3. Rosh Hashanah is always celebrated for two days, even in Eretz Yisroel. Thus, it further emphasizes the concept of Jewish unity. A difference exists between the Jews of Israel and of those of the Diaspora in regard to the celebration of all other holidays and it is only in the case of Rosh Hashanah that their celebration is uniform.

Furthermore, there is an explicit mention of the second day of Rosh Hashanah in the Written Torah. The Book of Nechemiah4 relates that on the first day of the seventh month, the entire Jewish people assembled before Ezra, who read passages of the Torah to them. At the conclusion of the reading the Jewish people were told: “Go your way, eat sumptuously, drink sweet beverages, and send portions to those for whom nothing is prepared, for this day is holy unto the L‑rd; do not be grieved, for the joy of the L‑rd is your strength” (8:10). The people followed the directive as the verse (12) states: “And all the people went their way to eat, and to drink, and to send portions, and to celebrate with great joy.” The passage continues (13) “And on the second day...” which the commentaries (Rashi) explain to mean the second day of Rosh Hashanah (not the day after Rosh Hashanah). That passage continues, relating how “the chiefs of the fathers’ houses of all the people, the priests, and the Levi’im, were gathered to Ezra the scribe, in order to study the words of the Torah. (14) And they found written in the Torah which the L‑rd had commanded...that the children of Israel should dwell in Sukkos (booths) in the feast of the seventh month.” Ezra then commanded them (15) to “Go out to the mountain, and fetch olive branches, and branches of wild olive, and myrtle branches, and palm branches, and branches of thick trees, to make Sukkos as it is written.” The people heeded his words, as the text (16) continues “So the people went out, and brought them, and made themselves Sukkos, everyone on the roof of his house, and in their courts, and in the courts of the house of G‑d... (17) and their was great joy.”

Thus, the second day of Rosh Hashanah is connected to Sukkos.
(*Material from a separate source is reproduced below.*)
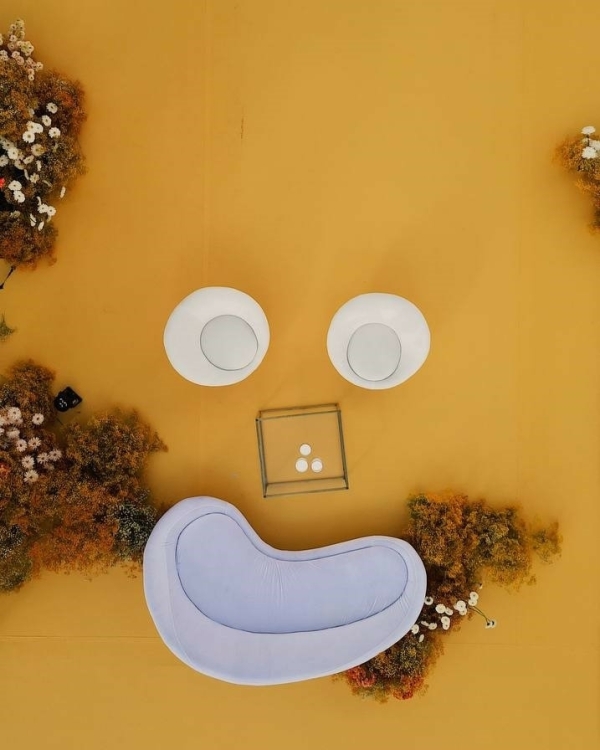 Сет-дизайн, AI и много розового. Показываем самые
The firm decision accepted by the Jews on Rosh Hashanah was fulfilled on Sukkos.

The construction of Sukkos in the Temple courtyard is connected to a question raised in the responsa of the Geonim: Should a Sukkah be built outside a synagogue or not? On the surface, a Sukkah should only be built outside a private dwelling. The general principle “Dwell (in the Sukkah) as you live (in your house)” governs all laws concerning Sukkos. A synagogue is not a private dwelling and hence does not require a Sukkah. However, the responsa concludes that it is proper to build a Sukkah there for the use of guests. It supports its rationale with the above-mentioned quotation from Nechemiah and concludes: “and this is the custom.”

We can derive a lesson from the above. On the second day of Rosh Hashanah we must begin thinking, and also make firm resolutions, concerning the celebration of the festival of Sukkos, ensuring that it will be a time of great joy. Also, as mentioned in previous farbrengens and in previous years, provisions must be made to “send portions to those for whom nothing is prepared.” This will lead to the celebration of Sukkos with great joy which, in turn, will bring about the ultimate joy, the coming of the future redemption led by Moshiach. He will “build the Temple in its place” and “gather the dispersed of Israel.” He will perform the Mitzvah of Hakhel “collecting together the nation: men, women, children, and the stranger in your midst.” We will all be inscribed for a good and sweet year with open and revealed good.